The “Commercial Bank” is closed for the moment

Chief Financial Officer Greg Smith said last year that Boeing had “a lot of leverage” to pull to maintain financial flexibility.

This could include deferring capital spending, Fraser said, adding: “I feel there is a general level of belt tightening.”

Another possibility is that Boeing will bid less aggressively for defense work, said analyst Richard Aboulafia of the Teal Group. The strength of the company’s commercial aircraft business has historically enabled it to undercut its competitors and win contracts such as the US Air Force’s TX advanced trainer, the field support helicopter of MH-139 missiles and the US Navy’s MQ-25 aerial refueling drone. With Max’s crisis causing a large outlay of money, Boeing’s defense arm cannot rely on “the Bank of Commercial” to cover initial losses on large contracts, Aboulafia said.
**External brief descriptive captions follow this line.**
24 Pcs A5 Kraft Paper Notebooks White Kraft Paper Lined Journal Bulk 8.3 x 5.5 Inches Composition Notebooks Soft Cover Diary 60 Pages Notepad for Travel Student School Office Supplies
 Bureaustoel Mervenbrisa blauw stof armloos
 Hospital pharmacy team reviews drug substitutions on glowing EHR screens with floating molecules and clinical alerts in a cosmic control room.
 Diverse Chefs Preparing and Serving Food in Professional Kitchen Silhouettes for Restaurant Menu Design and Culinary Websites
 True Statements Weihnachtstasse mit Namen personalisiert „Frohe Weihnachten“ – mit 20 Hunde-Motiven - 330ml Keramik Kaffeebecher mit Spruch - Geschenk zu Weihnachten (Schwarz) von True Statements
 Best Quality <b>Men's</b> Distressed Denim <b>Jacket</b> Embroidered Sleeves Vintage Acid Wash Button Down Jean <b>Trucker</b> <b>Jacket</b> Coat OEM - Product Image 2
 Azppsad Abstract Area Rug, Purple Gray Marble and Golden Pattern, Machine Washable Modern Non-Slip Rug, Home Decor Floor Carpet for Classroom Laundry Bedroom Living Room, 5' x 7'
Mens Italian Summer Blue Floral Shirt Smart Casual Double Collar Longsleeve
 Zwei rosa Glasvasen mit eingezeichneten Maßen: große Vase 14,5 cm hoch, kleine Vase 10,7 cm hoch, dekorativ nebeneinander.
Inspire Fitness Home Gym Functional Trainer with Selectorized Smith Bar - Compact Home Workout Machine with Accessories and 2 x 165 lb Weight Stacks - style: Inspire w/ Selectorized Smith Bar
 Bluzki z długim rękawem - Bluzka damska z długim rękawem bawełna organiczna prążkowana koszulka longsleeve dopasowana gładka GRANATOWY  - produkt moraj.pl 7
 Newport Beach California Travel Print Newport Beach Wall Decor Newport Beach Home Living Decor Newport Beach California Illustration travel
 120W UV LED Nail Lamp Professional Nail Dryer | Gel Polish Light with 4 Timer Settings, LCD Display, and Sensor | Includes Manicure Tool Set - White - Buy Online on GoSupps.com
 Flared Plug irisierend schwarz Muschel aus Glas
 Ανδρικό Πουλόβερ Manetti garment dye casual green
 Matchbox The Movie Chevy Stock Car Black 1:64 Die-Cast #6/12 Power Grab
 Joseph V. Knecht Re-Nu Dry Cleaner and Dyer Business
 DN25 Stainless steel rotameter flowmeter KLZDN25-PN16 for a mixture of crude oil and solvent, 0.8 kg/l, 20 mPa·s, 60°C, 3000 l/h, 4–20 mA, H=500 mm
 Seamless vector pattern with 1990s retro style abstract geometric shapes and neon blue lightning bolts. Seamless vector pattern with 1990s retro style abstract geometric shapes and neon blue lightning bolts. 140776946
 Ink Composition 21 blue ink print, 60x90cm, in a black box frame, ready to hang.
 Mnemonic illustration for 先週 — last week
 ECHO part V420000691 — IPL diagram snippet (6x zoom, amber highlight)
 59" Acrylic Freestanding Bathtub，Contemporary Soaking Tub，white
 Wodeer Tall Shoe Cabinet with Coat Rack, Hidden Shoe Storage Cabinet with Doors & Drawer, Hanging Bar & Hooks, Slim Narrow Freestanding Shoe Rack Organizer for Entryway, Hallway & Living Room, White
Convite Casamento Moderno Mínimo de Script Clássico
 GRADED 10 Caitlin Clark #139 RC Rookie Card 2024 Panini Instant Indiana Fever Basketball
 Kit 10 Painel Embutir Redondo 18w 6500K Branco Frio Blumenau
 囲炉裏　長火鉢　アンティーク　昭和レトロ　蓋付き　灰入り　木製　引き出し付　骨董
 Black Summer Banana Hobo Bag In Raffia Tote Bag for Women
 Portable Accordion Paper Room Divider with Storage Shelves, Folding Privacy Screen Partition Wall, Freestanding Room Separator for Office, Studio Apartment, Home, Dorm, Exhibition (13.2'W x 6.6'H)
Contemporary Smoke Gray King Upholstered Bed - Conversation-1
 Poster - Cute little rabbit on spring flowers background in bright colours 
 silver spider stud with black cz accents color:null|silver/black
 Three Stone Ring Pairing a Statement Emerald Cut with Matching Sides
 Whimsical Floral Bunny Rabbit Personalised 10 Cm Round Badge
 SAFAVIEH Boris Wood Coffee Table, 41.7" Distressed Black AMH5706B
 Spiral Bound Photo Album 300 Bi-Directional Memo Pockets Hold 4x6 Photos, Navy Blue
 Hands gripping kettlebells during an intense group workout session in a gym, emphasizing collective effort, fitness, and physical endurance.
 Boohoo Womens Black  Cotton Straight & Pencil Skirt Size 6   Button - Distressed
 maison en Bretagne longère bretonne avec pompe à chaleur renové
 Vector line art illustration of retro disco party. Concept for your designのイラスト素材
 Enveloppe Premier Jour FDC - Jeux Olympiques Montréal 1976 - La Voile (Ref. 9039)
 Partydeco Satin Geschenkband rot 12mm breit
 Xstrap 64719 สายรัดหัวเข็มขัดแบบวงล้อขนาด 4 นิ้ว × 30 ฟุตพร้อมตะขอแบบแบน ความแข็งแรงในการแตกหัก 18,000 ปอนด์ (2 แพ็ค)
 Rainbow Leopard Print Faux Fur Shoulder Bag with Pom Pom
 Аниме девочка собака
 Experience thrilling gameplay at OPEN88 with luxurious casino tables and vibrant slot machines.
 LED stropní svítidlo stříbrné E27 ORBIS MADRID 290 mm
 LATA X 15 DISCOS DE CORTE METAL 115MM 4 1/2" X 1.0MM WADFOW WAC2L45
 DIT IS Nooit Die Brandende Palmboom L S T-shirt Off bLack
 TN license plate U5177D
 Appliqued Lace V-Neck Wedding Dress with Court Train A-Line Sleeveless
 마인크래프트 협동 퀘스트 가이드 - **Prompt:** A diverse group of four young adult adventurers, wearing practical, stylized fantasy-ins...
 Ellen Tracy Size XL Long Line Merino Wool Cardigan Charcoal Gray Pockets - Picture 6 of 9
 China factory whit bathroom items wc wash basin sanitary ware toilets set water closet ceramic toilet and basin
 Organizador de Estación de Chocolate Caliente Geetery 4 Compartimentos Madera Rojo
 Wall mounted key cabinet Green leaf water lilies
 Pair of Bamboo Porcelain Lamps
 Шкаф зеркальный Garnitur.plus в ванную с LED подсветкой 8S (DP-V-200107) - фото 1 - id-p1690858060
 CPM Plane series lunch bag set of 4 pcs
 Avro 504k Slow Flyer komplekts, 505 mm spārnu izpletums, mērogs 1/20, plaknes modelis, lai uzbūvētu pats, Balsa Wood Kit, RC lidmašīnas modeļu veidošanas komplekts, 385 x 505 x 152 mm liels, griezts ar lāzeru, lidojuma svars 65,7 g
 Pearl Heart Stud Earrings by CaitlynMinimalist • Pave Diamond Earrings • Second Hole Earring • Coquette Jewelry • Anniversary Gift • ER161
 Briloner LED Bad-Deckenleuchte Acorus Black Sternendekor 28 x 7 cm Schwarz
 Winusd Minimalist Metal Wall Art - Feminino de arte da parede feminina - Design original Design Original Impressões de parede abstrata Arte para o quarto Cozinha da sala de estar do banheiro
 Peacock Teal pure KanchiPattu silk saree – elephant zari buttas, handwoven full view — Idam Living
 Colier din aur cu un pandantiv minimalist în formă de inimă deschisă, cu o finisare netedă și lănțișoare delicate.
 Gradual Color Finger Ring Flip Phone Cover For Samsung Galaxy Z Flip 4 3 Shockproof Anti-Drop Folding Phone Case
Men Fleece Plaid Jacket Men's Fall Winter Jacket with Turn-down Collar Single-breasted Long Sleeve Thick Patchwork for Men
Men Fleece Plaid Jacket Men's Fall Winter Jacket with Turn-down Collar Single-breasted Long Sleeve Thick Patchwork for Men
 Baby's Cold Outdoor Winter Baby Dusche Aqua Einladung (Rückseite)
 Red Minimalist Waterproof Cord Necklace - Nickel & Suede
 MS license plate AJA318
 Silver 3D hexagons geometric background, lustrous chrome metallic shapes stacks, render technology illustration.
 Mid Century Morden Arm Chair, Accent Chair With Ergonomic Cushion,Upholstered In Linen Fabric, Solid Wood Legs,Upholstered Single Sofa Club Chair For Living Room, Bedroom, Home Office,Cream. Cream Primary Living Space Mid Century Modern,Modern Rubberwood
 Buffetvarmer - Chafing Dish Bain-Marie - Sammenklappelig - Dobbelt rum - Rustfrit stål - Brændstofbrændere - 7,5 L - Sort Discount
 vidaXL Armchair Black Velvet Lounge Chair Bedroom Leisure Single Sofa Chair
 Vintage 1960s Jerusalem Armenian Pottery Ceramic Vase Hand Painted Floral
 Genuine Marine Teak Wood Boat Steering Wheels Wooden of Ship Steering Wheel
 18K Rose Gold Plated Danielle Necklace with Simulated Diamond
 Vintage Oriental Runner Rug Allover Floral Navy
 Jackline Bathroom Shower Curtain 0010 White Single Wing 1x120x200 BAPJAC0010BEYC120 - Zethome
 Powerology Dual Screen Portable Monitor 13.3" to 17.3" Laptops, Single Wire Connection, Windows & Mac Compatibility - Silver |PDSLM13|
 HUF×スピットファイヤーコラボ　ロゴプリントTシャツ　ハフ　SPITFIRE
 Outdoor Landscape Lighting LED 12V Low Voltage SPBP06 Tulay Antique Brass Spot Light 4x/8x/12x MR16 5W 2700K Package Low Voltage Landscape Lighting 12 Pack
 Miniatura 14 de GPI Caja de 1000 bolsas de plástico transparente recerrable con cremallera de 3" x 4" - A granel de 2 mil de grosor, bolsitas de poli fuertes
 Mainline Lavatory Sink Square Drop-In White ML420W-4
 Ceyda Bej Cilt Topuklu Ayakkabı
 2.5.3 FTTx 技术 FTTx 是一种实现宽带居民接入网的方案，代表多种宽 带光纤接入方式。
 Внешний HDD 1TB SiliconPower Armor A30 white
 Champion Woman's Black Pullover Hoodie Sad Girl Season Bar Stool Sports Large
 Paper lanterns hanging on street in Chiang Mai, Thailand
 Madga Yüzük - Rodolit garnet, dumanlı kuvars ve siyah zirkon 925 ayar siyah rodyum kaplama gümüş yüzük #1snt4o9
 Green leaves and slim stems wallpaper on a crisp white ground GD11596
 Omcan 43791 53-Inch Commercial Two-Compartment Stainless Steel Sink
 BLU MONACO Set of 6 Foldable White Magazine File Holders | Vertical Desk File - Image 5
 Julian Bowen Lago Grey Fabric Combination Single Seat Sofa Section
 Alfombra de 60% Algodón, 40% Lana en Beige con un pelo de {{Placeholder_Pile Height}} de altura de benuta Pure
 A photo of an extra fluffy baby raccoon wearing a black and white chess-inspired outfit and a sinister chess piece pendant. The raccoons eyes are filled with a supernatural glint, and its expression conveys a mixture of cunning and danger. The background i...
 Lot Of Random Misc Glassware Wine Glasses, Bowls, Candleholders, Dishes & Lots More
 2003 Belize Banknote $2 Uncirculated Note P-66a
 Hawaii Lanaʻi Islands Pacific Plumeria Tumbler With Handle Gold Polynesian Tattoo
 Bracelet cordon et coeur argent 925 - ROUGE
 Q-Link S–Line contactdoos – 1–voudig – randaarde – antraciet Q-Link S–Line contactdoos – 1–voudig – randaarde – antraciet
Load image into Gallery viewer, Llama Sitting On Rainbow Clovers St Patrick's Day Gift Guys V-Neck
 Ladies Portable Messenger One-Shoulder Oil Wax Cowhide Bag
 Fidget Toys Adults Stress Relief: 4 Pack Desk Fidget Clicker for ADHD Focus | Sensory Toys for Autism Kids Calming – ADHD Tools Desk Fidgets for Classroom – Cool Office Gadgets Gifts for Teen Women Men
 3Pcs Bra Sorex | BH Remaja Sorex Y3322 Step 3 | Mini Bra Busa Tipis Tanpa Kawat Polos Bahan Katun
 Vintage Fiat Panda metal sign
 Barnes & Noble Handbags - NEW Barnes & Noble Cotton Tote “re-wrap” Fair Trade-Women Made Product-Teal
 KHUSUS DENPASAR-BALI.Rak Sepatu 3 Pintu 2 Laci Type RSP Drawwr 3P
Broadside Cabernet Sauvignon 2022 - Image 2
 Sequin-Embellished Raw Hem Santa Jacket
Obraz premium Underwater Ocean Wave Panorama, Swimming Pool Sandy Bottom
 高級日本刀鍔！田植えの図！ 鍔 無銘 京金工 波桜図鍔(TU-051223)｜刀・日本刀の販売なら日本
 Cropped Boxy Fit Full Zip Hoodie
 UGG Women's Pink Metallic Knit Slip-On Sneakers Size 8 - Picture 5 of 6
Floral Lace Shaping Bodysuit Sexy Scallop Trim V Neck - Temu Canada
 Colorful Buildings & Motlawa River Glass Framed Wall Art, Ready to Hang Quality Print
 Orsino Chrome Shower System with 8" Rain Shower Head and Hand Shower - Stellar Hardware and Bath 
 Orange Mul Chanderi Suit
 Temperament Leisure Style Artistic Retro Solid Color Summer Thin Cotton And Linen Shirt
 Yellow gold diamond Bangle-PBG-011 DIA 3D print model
Share buybacks are expected to remain on hold until 2020 and possibly 2021, Fraser said. Boeing repurchased $ 43 billion of its shares between 2013 and the first quarter of 2019, reducing the number of shares outstanding by 25%. Critics accused the company of being more interested in delivering returns to shareholders than investing profits in engineering.

Boeing will publish its quarterly results on Wednesday. Cowen analyst Cai von Rumohr wrote in a Jan. 22 note that the now extended timeline to put the Max back into service would hurt those revenues in two ways.

Boeing has already levied more than $ 5 billion in fees it owes airlines for the delayed delivery of the Max, and Cowen predicted that Boeing would increase customer compensation reserves by $ 6 billion. Meanwhile, the Max’s reported production costs are expected to increase by $ 4 billion.

Both of these estimates, von Rumohr wrote, now appear low.